LOL, my Dad's horse Pokey is 9 this year. We've had him since he was a yearling and he didn't start to "bond" with my Dad until this summer. He's a really touchy and antisocial horse. Doesn't like to be touched or handled or approached. If he doesn't know you, you have to be a _real_ horseman to even get him caught.

Always before, whoever was catching him would have to run him up into a small pen or trap him in a corner and be very cautious and slow to catch him. He would _tolerate_ human presence....barely. However, once he was caught and saddled and you were mounted and ready to go, he is a great horse. Obedient, responsive, willing, but a bit spooky.
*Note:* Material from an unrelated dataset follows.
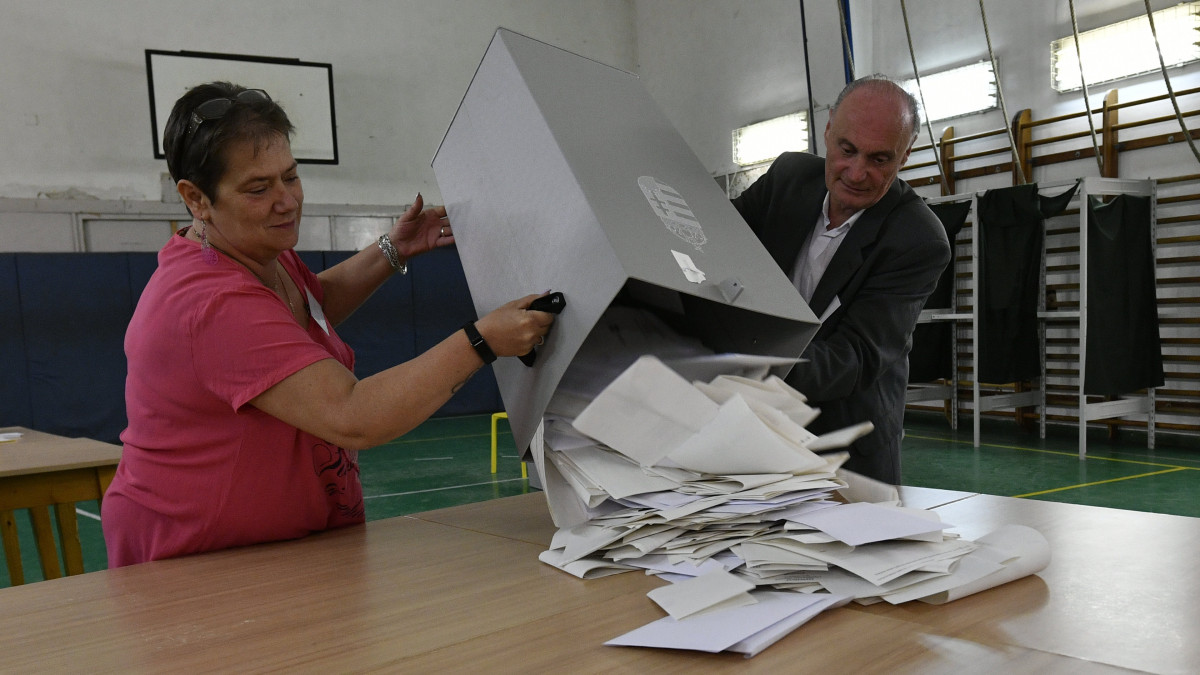 Kiborítják a szavazólapokat egy urnából a szavazatszámláló bizottság tagjai az önkormányzati választáson a budapesti Szilágyi Erzsébet Gimnáziumban kialakított 14-es számú szavazóhelyiségben 2019. október 13-án.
Now, Dad can actually just walk up to him in the paddock and catch him. He's begun to seek out Dad if he's in the barn doing chores. He even surprised me the other day by coming to stand near me while I was filling his water tank (by near, I mean that he was within about 15 feet). He still doesn't like to be petted or brushed, but he tolerates it with minimal squirming. Before, he couldn't stand still while being brushed.

Sometimes it takes time to build a bond...and other times you have to redefine "bond" in your mind. To some horses, bond means spending time together and getting scratches in all his favorite spots. To other horses, bond means having a respectful and productive working relationship with no fuss and muss.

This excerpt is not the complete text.